What I thought was that I'd arrived, expecting to dislike Phoebe's parents for their wealth, privilege and politics, and found myself warming to them greatly. I was amused that they didn't have the same affected accent as their daughter. They talked like normal people, so clearly Phoebe had picked up her 'Chelsea' twang at school. And I'd originally imagined them to have servants and a chauffeur, but Alison had cooked us a delicious dinner of bouillabaisse - a French seafood stew - and made a tiramisu for dessert. The sophistication of the meal - remember, this was 1989 - impressed me, but it was the fact that, as Phoebe had said, 'we do our own work'. Not only was Alison a very attractive, and very sophisticated, forty-something woman, but she could clearly cook.
Her daughter, on the other hand, was an incorrigible flirt. We were sitting side-by-side, opposite her parents at the elegant dining table. And she was eating the stew with a soup spoon, while her left hand was sliding up and down my thigh. And just as I thought she couldn't tease any more, that hand fastened on my crotch, and rubbed gently.
I tried to pretend that nothing was happening but, finally, I had to reach down and gently move her hand away. She turned and gave me a look that seemed to say 'More of that later'. I hoped that her parents hadn't noticed.
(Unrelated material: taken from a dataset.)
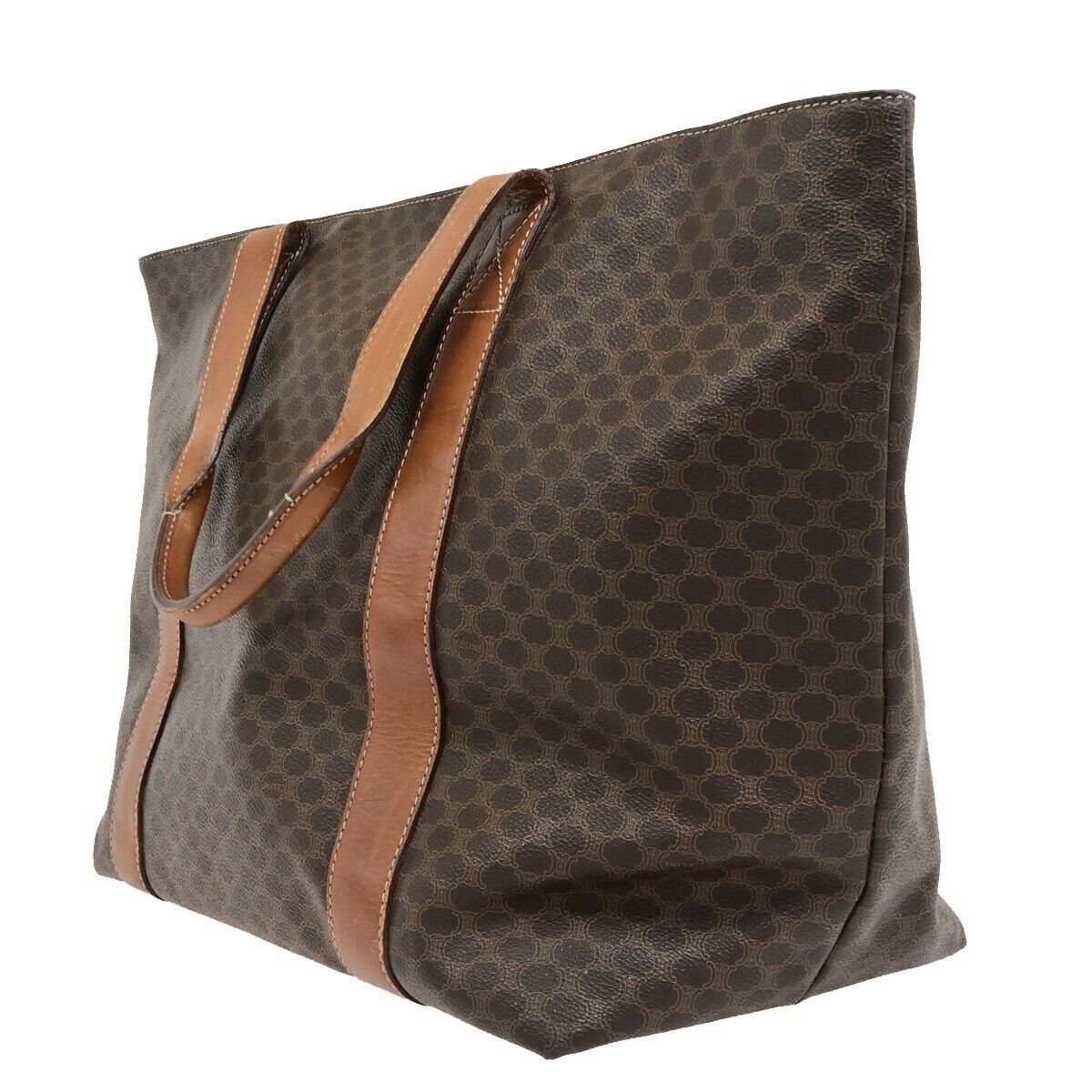 CELINE Macadam Pattern 2Way Shoulder Tote Bag PVC Leather Brown Italy 61KA539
After the excellent dinner, Roger offered me a brandy or one of his selection of single malts. I was tempted, but Phoebe's hand returned to my crotch. I looked at my watch. It was a quarter past ten.
"Thanks for the offer, Roger, and many thanks, Alison, for the lovely meal, but if you don't mind, I think I'd like to turn in. It was a busy day in the shop and I'm feeling pretty tired."
"That's fine, Richard. We'll start quite early tomorrow. Breakfast's about eight."